▶ **Task requirements**:
Where the records below begin, start copying, and stop after the line that contains "Un mutilé français"; reproduce every line exactly but omit pictures.

▶ **Brief descriptive captions**:
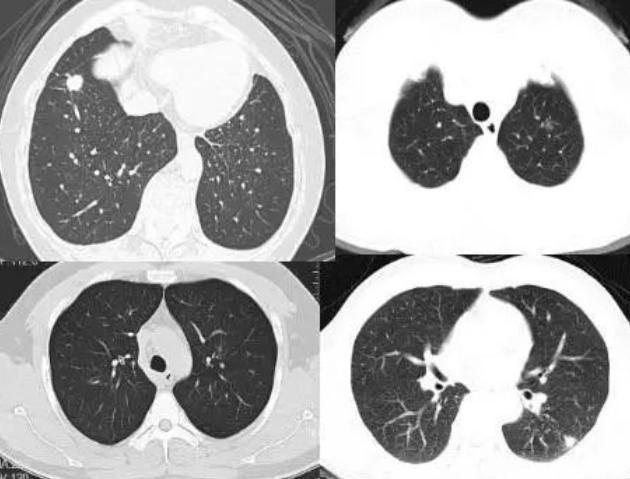 肺部出现结节咋办忌1物吃2果饮2水结节或可慢慢消退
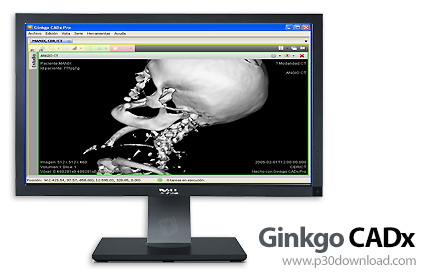 دانلود Ginkgo CADx Pro v3.6.0.1228.63 - نرم افزار نمایش، تجزیه و تحلیل و تبدیل تصاویر DICOM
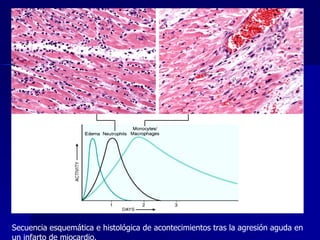Secuencia esquemática e histológica de acontecimientos tras la agresión aguda en un infarto de miocardio. 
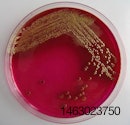 1106IANewsE.coli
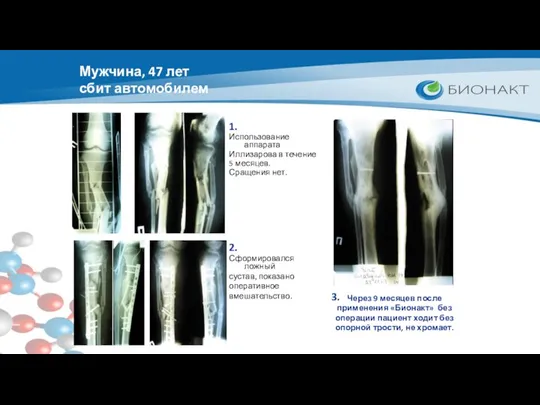 Мужчина, 47 лет сбит автомобилем Использование аппарата Иллизарова в течение 5 месяцев. Сращения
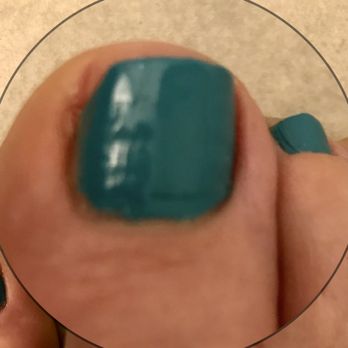 Nails 2 - Nail edge cut improperly which exposed the skin normally covered by my nail. - Nail Salons Near Me - Boca Raton, Florida Nails 2 - Nail edge cut improperly which exposed the skin normally covered by my nail. - Nail Salons Near Me - Boca Raton, Florida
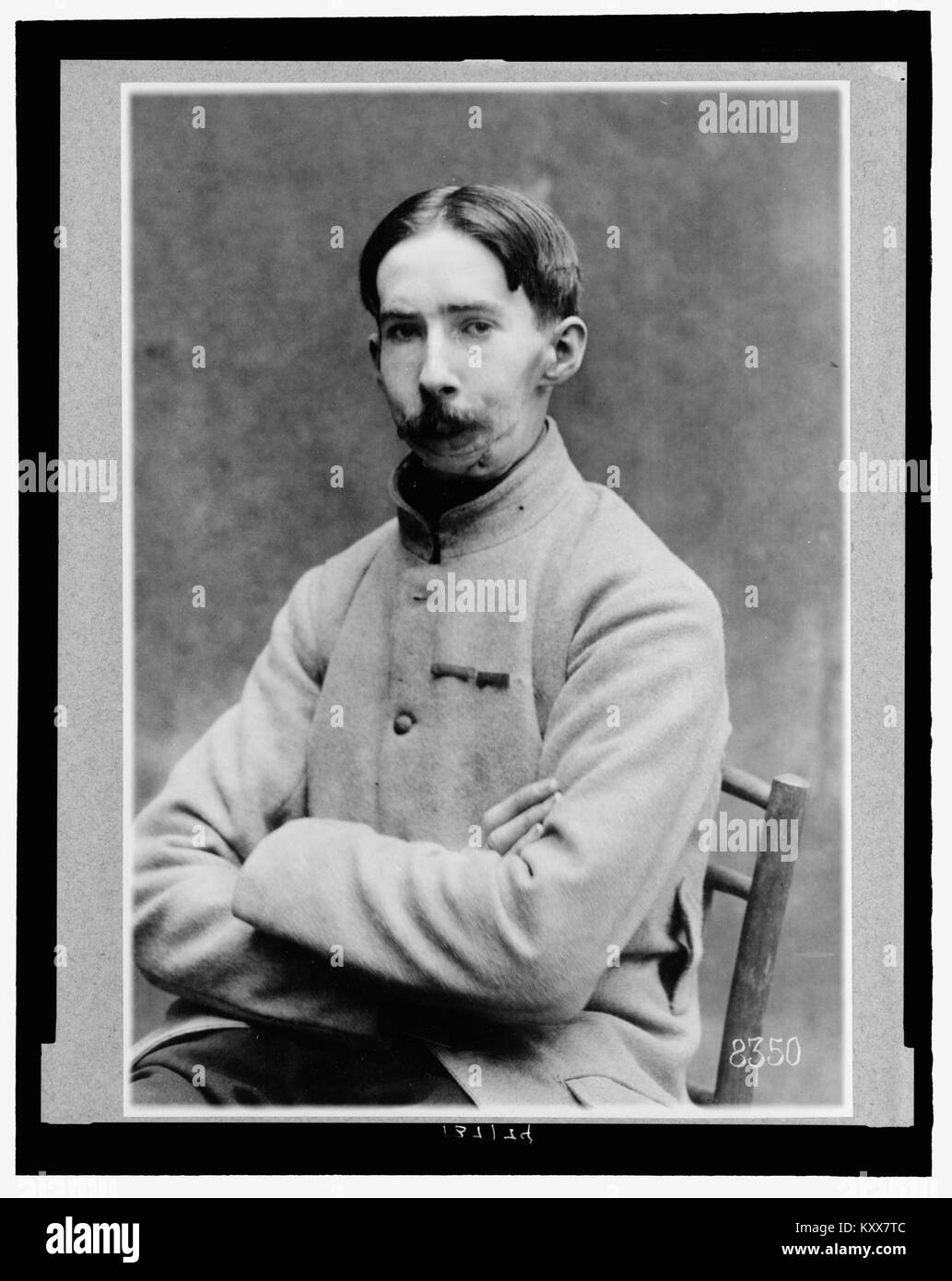 Un mutilé français sans masque fait référence à un soldat de la première Guerre mondiale qui a subi des blessures au visage et est montré sans masque protecteur, illustrant l'impact physique de la guerre sur les vétérans blessés. Banque D'Images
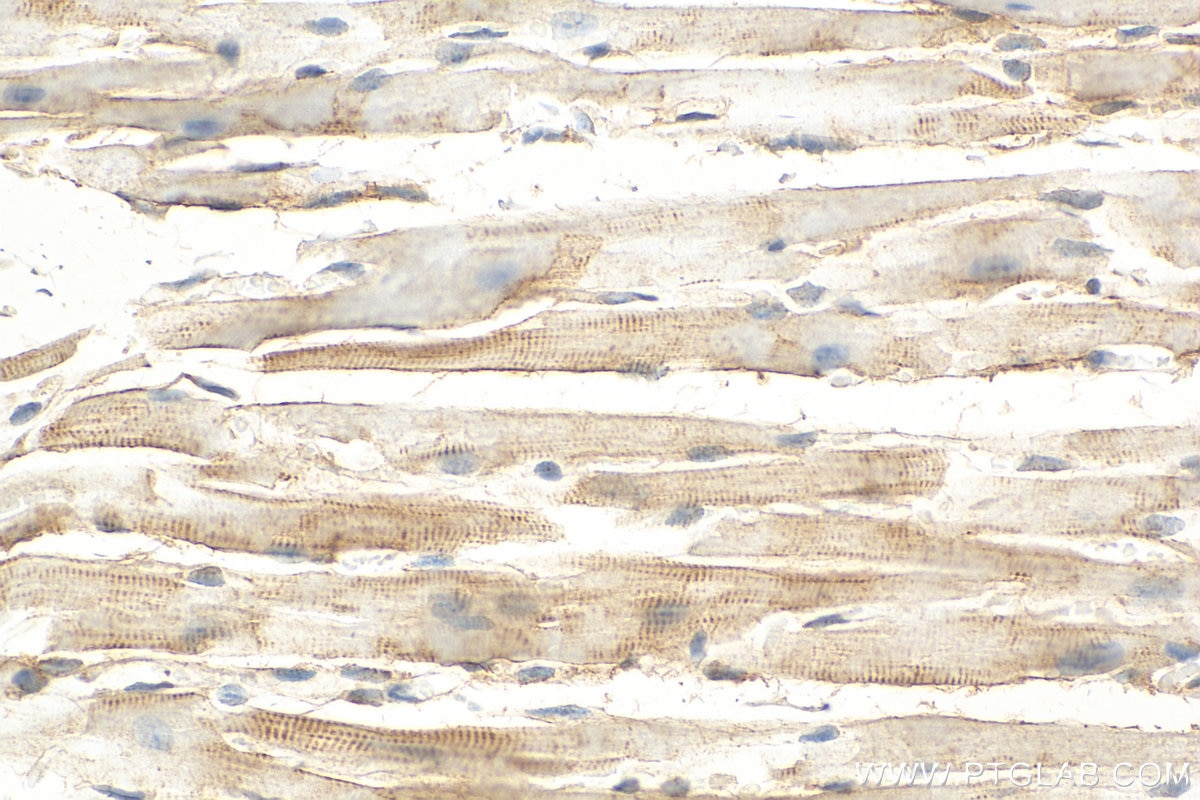 Immunohistochemistry (IHC) staining of mouse heart tissue using Telethonin Polyclonal antibody (16104-1-AP)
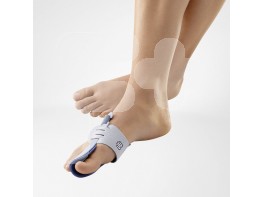 HALLUX VALGUS DERECHO T.1 VALGULOC HALLUX VALGUS DERECHO T.1 VALGULOC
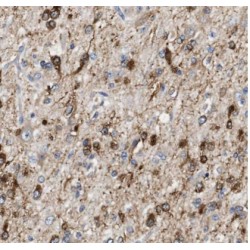Activator of 90 kDa Heat Shock Protein ATPase Homolog 1 (AHSA1) Antibody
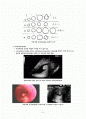 자궁내막폴립 (Endometrial polyp)  2페이지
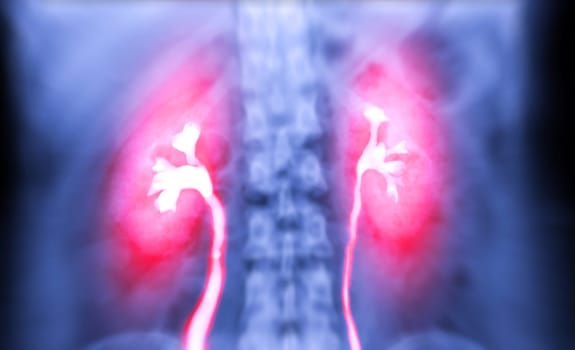  Intravenous pyelogram or I.V.P is an X-ray exam of urinary tract after injection contrast media agent  .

▶ **Response for this exercise**:
 肺部出现结节咋办忌1物吃2果饮2水结节或可慢慢消退
 دانلود Ginkgo CADx Pro v3.6.0.1228.63 - نرم افزار نمایش، تجزیه و تحلیل و تبدیل تصاویر DICOM
Secuencia esquemática e histológica de acontecimientos tras la agresión aguda en un infarto de miocardio. 
 1106IANewsE.coli
 Мужчина, 47 лет сбит автомобилем Использование аппарата Иллизарова в течение 5 месяцев. Сращения
 Nails 2 - Nail edge cut improperly which exposed the skin normally covered by my nail. - Nail Salons Near Me - Boca Raton, Florida Nails 2 - Nail edge cut improperly which exposed the skin normally covered by my nail. - Nail Salons Near Me - Boca Raton, Florida
 Un mutilé français sans masque fait référence à un soldat de la première Guerre mondiale qui a subi des blessures au visage et est montré sans masque protecteur, illustrant l'impact physique de la guerre sur les vétérans blessés. Banque D'Images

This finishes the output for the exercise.